Hi Bob,

> On Oct 8, 2023, at 22:18, rjmcmahon <rjmcma...@rjmcmahon.com> wrote:
> 
> Tragedy of the commons occurs because the demand & free price for the common 
> resources outstrips supply. Free cow grazing in Boston Commons only worked 
> for 70 cows and then collapsed.

        [SM] Here is the thing, if the carrying capacity is/was 70 the local 
regulator would have needed to make sure that at no time there were more than 
70 cows and come up with a schedule... so from my vantage point that was 
insufficient regulation and/or enforcement... 

> Over fishing in multiple places today are killing off a "wild" food supply.

        [SM] Same thing ;)

> The regulator tries to manage the demand while keeping prices artificially 
> low, typically for political/populism reasons, vs finding ways to increase or 
> substitute supply and create incentives for investment. In the U.S., they 
> seem to ultimately give up (regulatory capture is a form of resignation) and 
> let so-called privatization occur (barbed wire ranches throughout Texas vs 
> free roaming) which also allows ownership & market forces to come into play, 
> even if imperfectly.

        [SM] We had a large helping of this over here as well during the 90ies 
neo-liberal "revolution" where European states privatized previously state 
owned property on the theory that on private hands this property would generate 
more income for all. It turns out the "all" in the promise was not the same all 
initially hoped for... in some cases these privatizations worked out OK-ish in 
others not so much... I am old enough to remember the less than perfect sides 
of our old Bundespost monopoly telco but I also see what is going wrong in the 
new shiny world of private telcos... (it was easier to steer a nationally owned 
telco in a macro-economic sensible direction, with private owned companies 
often micro-economics get in the way ;) )
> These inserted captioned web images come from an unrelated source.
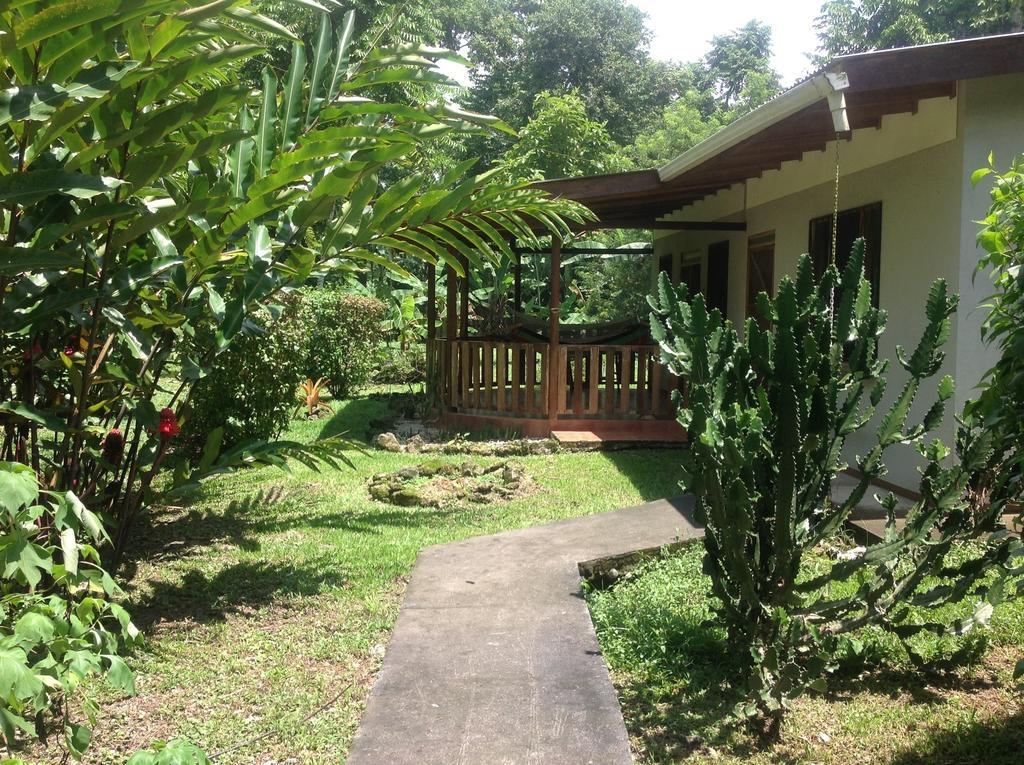 Cabinas Caribe Luna Cahuita Extérieur photo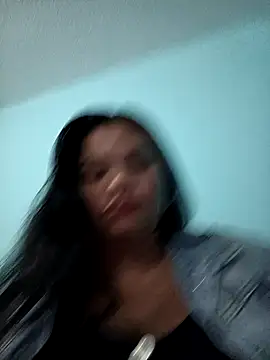 Julieta-tits online show from 12-18-24, 11:19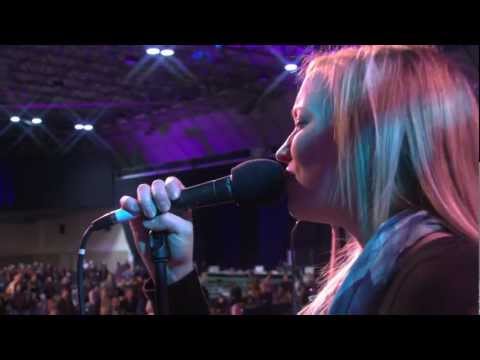 Justin Rizzo and Anna Blanc - Isaiah 42 LIVE at Onething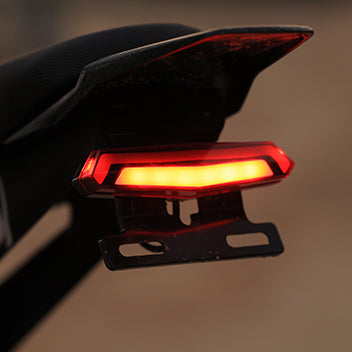 G300 Pro integrated taillight and turn signals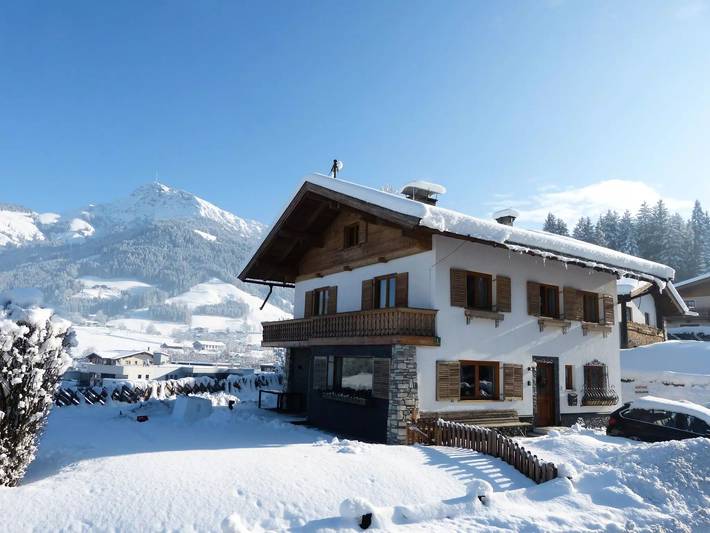 Villa für 9 Personen, mit Garten, mit Haustier in Oberndorf in Tirol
> I do like the idea of a benevolent and all wise regulator that can move 
> society forward.
> I just don't see it in the U.S. We seem to struggle with a functional 
> Congress that can govern and and ethically based SCOTUS which are not nearly 
> as nuanced as technology and the ongoing digital transformation.

        [SM] Yes, given the apparent disfunction and vitriol between the two 
sides on the last decade getting things done for the future efficiently and 
bipartisanly looks a bit bleak... nasty as from my perspective the US system is 
essentially "designed/evolved" to operate with two opposed parties that still 
manage to get things done together by compromising.


> Today, the FCC can only regulate decaying affiliate broadcast news and stays 
> silent about "news" distortions despite an insurrection that still threatens 
> the Republic.
>  Sorry to lose confidence in them but we need to see the world as it is.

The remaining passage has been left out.